Later that evening, President Wilson visits the Jersey Shore and gives a speech about change and safety from war. Alex's boss Commissioner Meel assures Alex the attack won’t happen again. Alice comes to Alex and asks him if he has any regrets about her and Stan getting married. He asks her the same question. On 7 July, after Charles Van Sant died, more people come to the beaches. When fellow lifeguard Danny Bruder goes to retrieve two swimmers venturing too far from shore, he is attacked. Alex and others rescue him, but Danny dies. Now knowing it's a shark, Alex quits in frustration.

In New York City, wild animal wrangler Michael Schleisser reads about the shark attacks and travels to New Jersey. At a press conference, Museum Director Dr. Frederick Lucas and Ichthyologist Dr. John Nichols investigate the attacks and try to prevent another. Meanwhile, Stan meets up with Alex and tries to convince him to get his lifeguarding job back. Alex is hesitant, as he doesn't want to work for someone willing to put business over safety. Cap offers Alex a job helping to put up steel nets to prevent future attacks. While on the job, one person on Cap's boat thinks they see the shark and accidentally shoots one of the divers.

With the steel net in place, the beaches reopen. When a group of boys ask Stan to play baseball with them, he and Alex have a talk and forgive each other. Dr. Nichols meets with Alex and asks him about the shark.
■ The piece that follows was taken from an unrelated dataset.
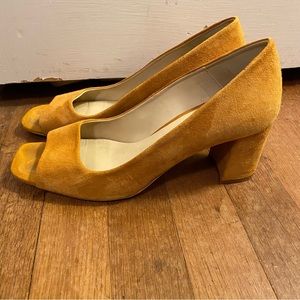 Zara Mustard Suede Open Toe Block Heel - 40/9/9.5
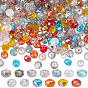 390piezas 13colores cuentas de vidrio transparente electrochapadas, Rondana plana, facetados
Cap stands atop a bridge and notices the shark swimming into Matawan Creek. He makes a call about it, but is deemed crazy. Cap reaches a small town upriver and warns everyone to stay out of the water. Unfortunately, young boy Lester swimming with his friends is attacked. Stan and his friends rush to the river to save Lester, but can't find him. Cap finds Alex and warns him about the shark. They spend hours searching for Lester and even put out a net, but they still can't find him. The shark lurks nearby, and one of the searchers is injured. Stan's friends gave up, but Stan refused to stop searching. Just when it seemed all hope was lost, Stan finds Lester. But their relief is short-lived as the shark attacks again, knocking Lester out of Stan's arms. Alex hits the shark with a paddle, and it lets go of Stan. Cap chases after the shark while Alex takes Stan to a doctor.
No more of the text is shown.